Outro exemplo de superação é a atleta Victoria Cristina (Vick), que começou no boxe e projeto aos 13 anos, para cuidar da saúde através do condicionamento físico, hoje aos 17 anos além de campeã paulista, brasileira e melhor atleta juvenil do país, foi medalhista de bronze nos jogos sul-americanos disputado na Argentina, e representou o Brasil no Gymnasiade, evento multiesportivo mundial que ocorreu na França em maio de 2022.

Hoje vivendo do esporte, Vick é integrante da seleção brasileira juvenil de boxe, e almeja estar nos Jogos Olímpicos de 2028 na cidade de Los Angeles, nos EUA. “Sei do meu potencial e o que almejo através do boxe, há mais a conquistar. Mesmo sendo um esporte considerado por muitos, um lugar só de homens, eu já tenho alguns títulos importantes não só para mim, mas para a categoria feminina, e devo participar de competições internacionais nos próximos meses, e já tenho um objetivo claro. Quero estar nas Olimpíadas em 2028 e quem sabe trazer uma medalha não só para o Brasil, mas para o boxe feminino”, garante Vick
Para Juliana de Almeida (Juu), Campeã de boxe dos jogos abertos de São Paulo, a modalidade esportiva vem mudando sua vida, e nos últimos anos a luta das mulheres pela igualdade de oportunidades no boxe tem dado frutos, com a inclusão do boxe feminino nos Jogos Olímpicos e o surgimento de grandes nomes femininos no esporte.

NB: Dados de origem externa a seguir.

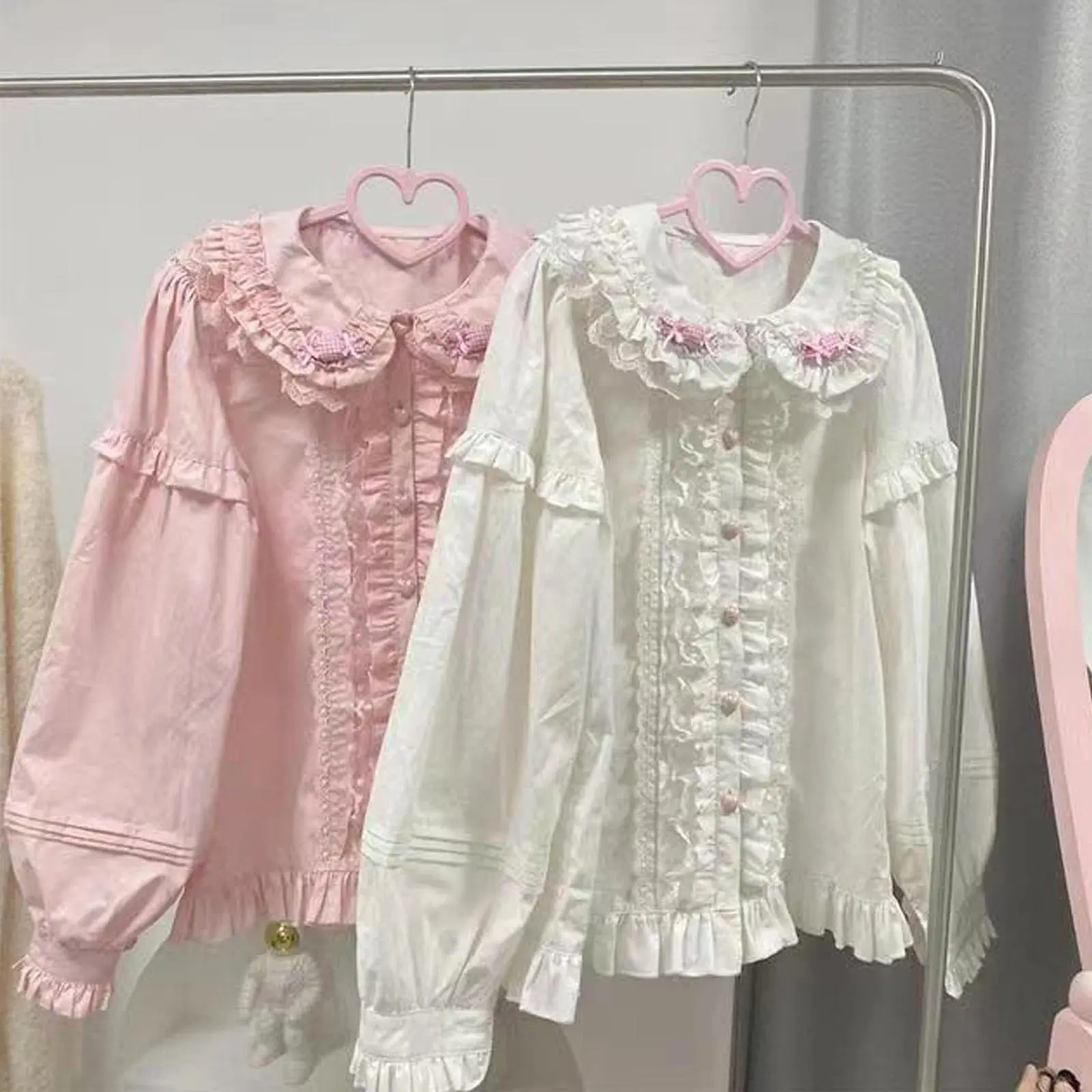 Spring Blouse Women Japanese Kawaii Cute Lace Patchwork Peter Pan Collar Shirt Vintage Sweet Embroidery Top Blusas
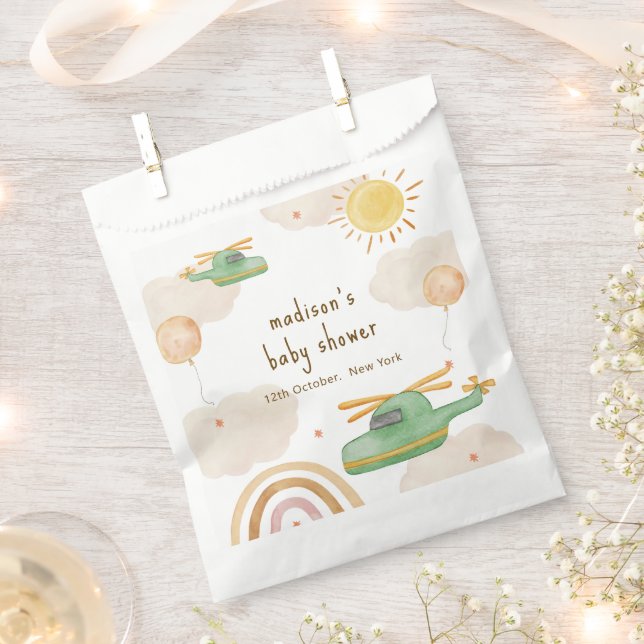Boho Adventure Helicopter Airplane Baby Shower Favour Bag (Clipped)
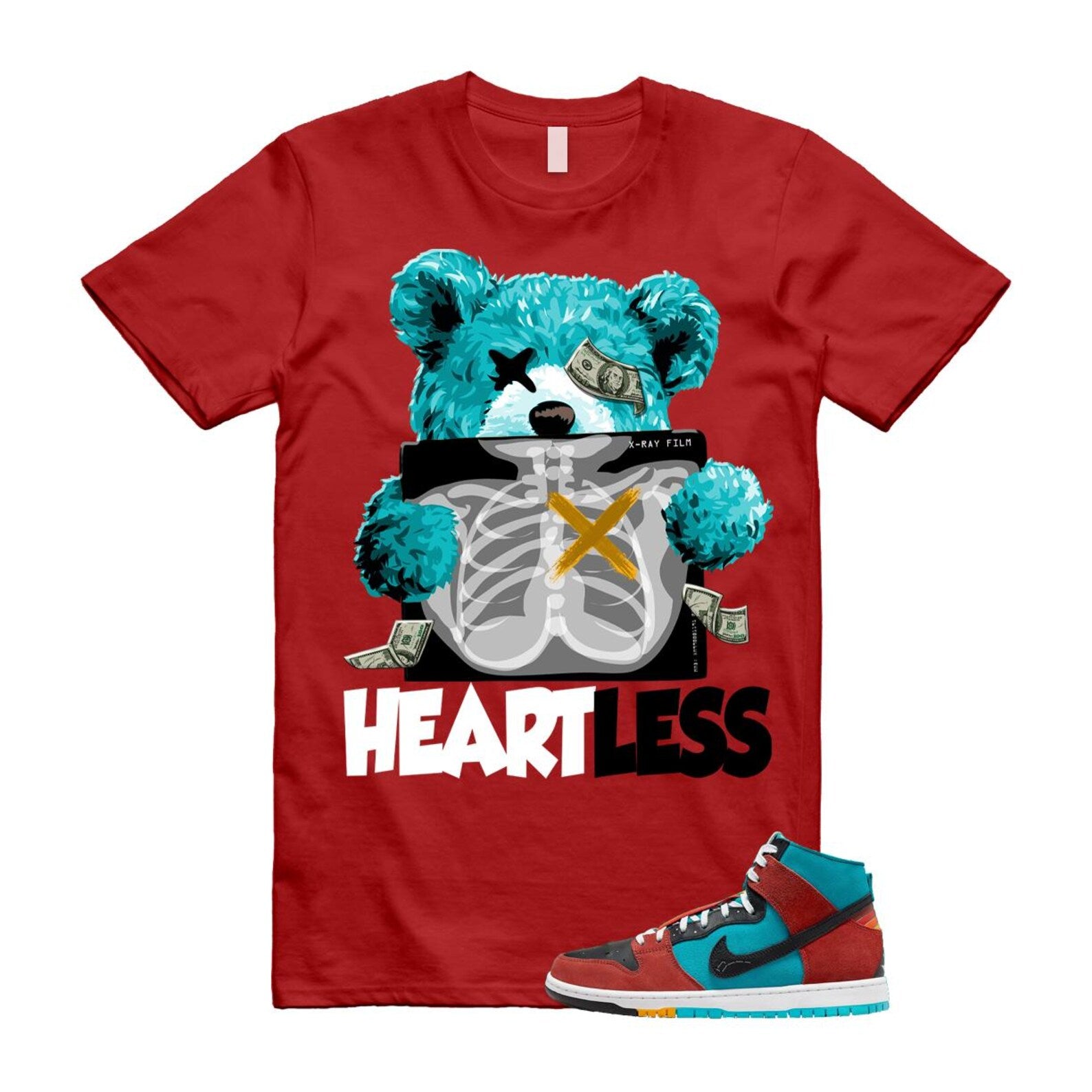 Di'orr Greenwood Navajo Arts Turquoise Blue Black Rugged Orange SB Dunk High T Shirt Match HEART T-Shirt, Sneaker Match Tee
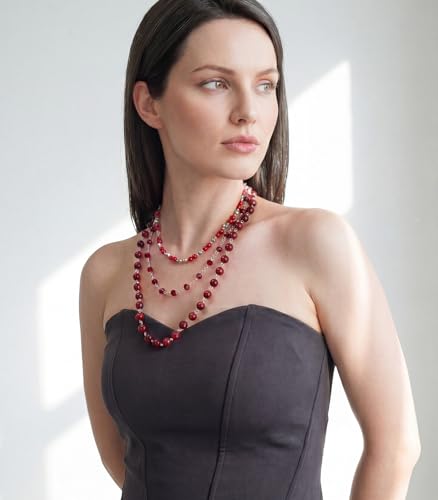 Noessla Layered Beaded Necklaces for Women - 3 Strand Boho Statement Choker Fashion Jewelry Gifts - color: Red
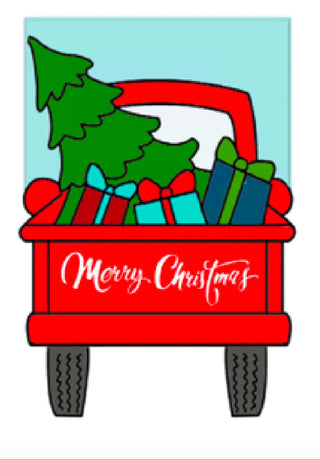 "Merry Christmas Truck Applique" Design Garden Flag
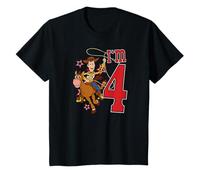 Kids Pixar Toy Story Birthday Woody I'm 4 T-Shirt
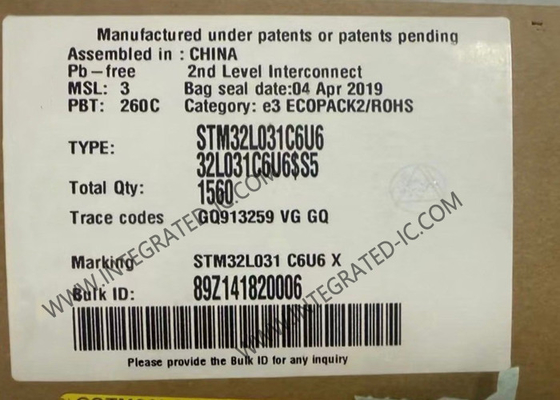 STM32L031C6U6 Máy điều khiển vi mô MCU 32-bit MCU 32KB Flash ARM Máy điều khiển vi mô UFQFN48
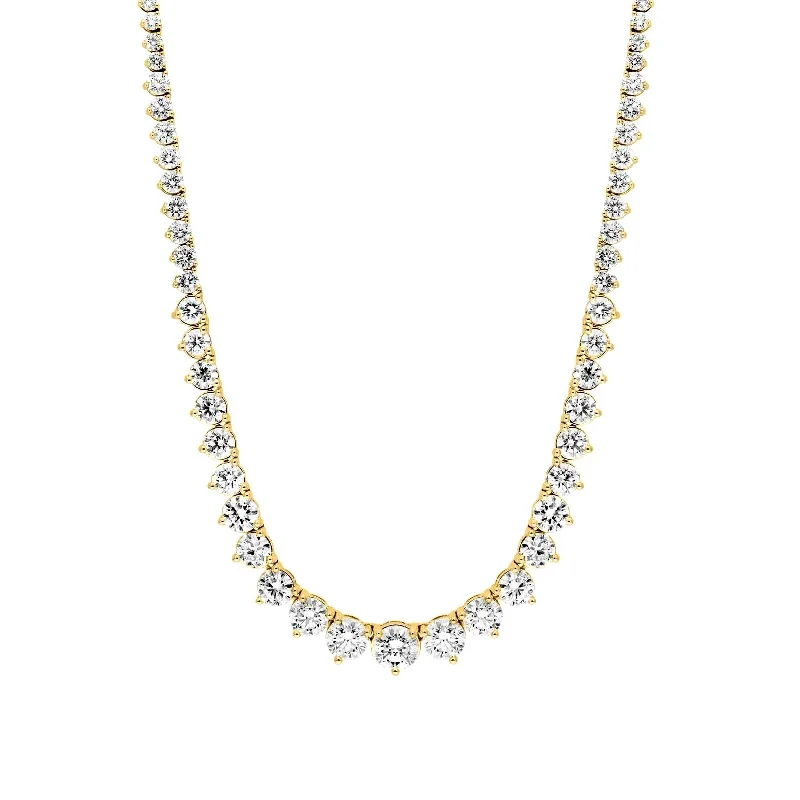 Lab Grown 10.00 Cttw. Graduated Diamond Riviera Necklace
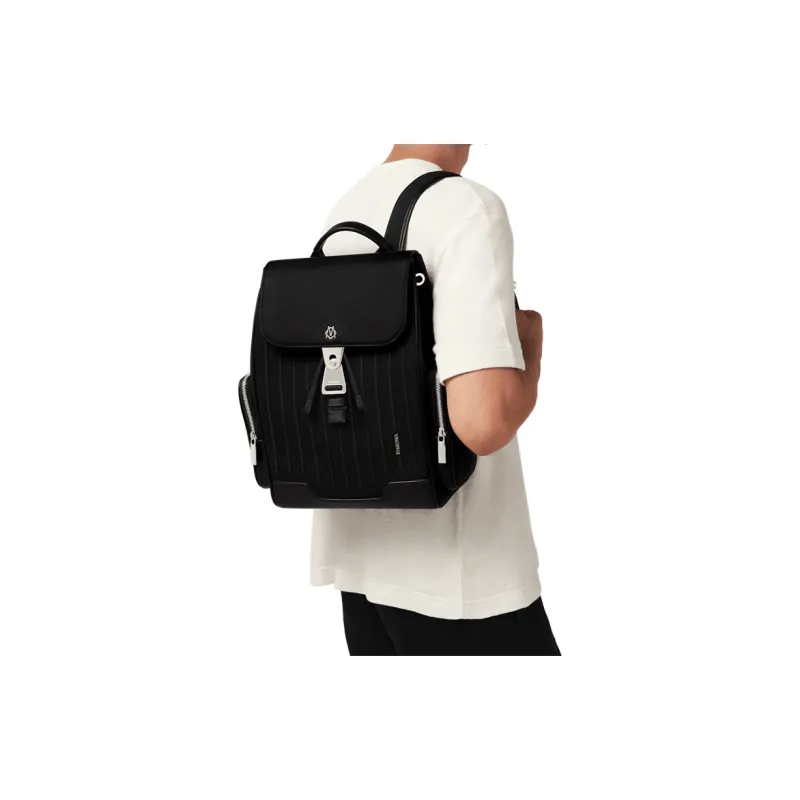 RIMOWA Never Still Canvas With Full Grain Leather Backpack Small Size Men's Black-6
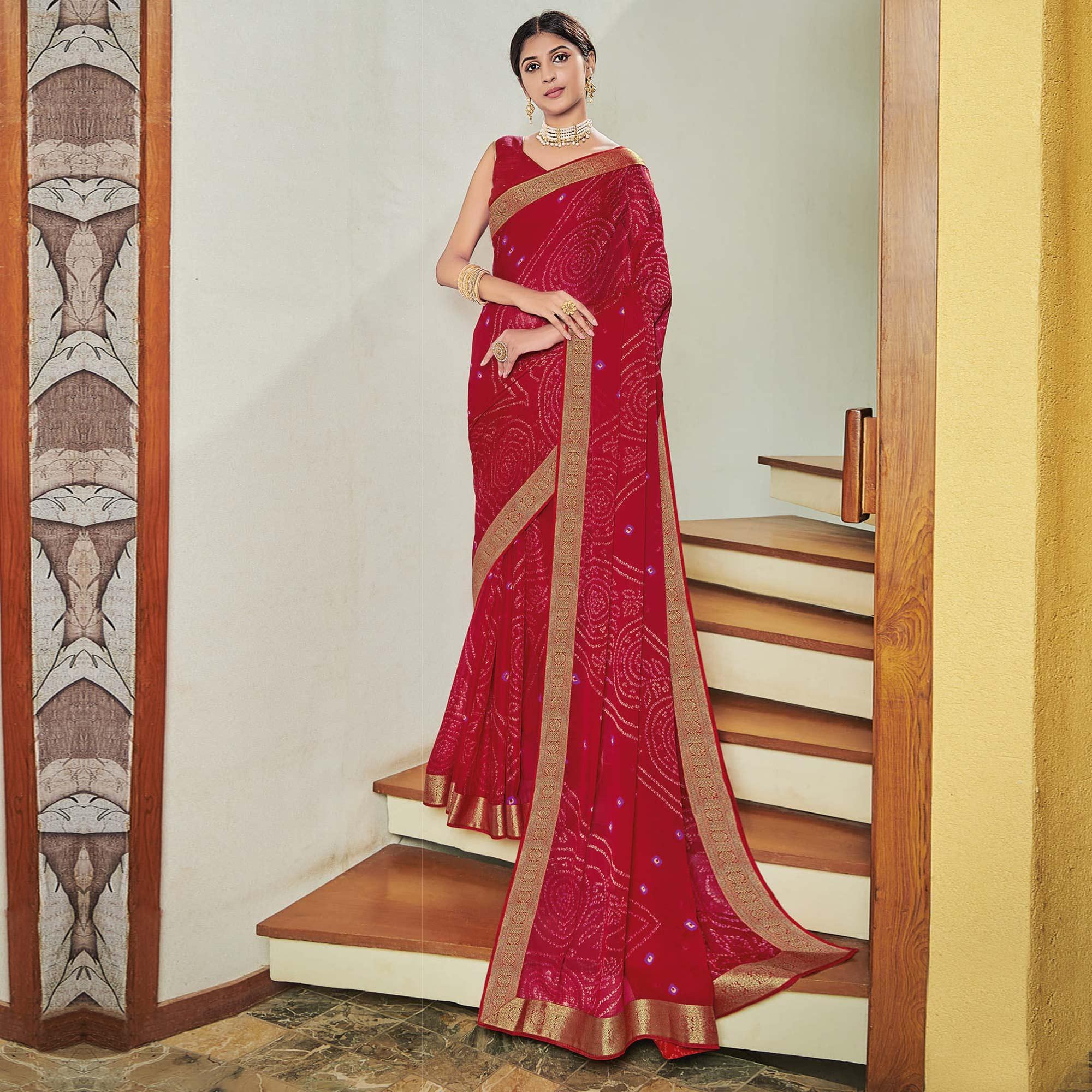 Red Casual Wear Bandhani Printed Chiffon Saree - Peachmode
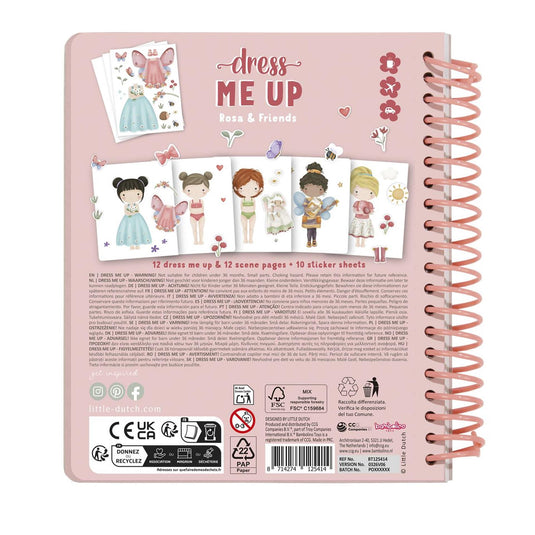 Little dutch sticker- en aankleedboek dress me up rosa friends - bambolino toys cadeau tip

“Infelizmente, tanto no passado quanto na atualidade, o boxe tem sido marcado por preconceito e discriminação, e historicamente, o boxe era considerado um esporte exclusivamente masculino e a participação das mulheres era vista como inapropriada e até mesmo perigosa. Isso levou a uma falta de investimento e de oportunidades para as lutadoras, que muitas vezes eram impedidas de treinar e competir nos mesmos níveis que os homens.

Mas esse cenário vem mudando e a cada dia surge uma nova atleta em vitrine no esporte, assim como minha amiga de academia Vick, temos hoje no cenário feminino atletas como Beatriz Ferreira e Rose Volante, mas não podemos esquecer o que as atletas Roseli Feitosa, Adriana Araújo e Érica Matos, fizeram por nós mulheres nas olimpíadas de Londres”, Conclui Juu.

A iniciativa “Das Ruas para os Ringues” vem se destacando pela sua ação transformadora, estimulando o desenvolvimento de jovens atletas mulheres, por meio do boxe feminino, a academia que é considerada a segunda melhor de São Paulo na categoria feminina e uma das melhores do estado ao nível geral.
Para o treinador e pugilista das atletas, Fernando Menoncello finaliza, “Hoje em dia, o boxe feminino está recebendo destaque e visibilidade como nunca antes. Por isso, acreditamos que todos devem ter oportunidades iguais de praticar e desenvolver seus dons, independente de gênero, e nossa missão é criar um cenário no qual mulheres possam lutar com igualdade e respeito, além de trazer mais diversidade ao boxe. Que essas jovens atletas possam se tornar verdadeiras campeãs não só no esporte, mas na vida”.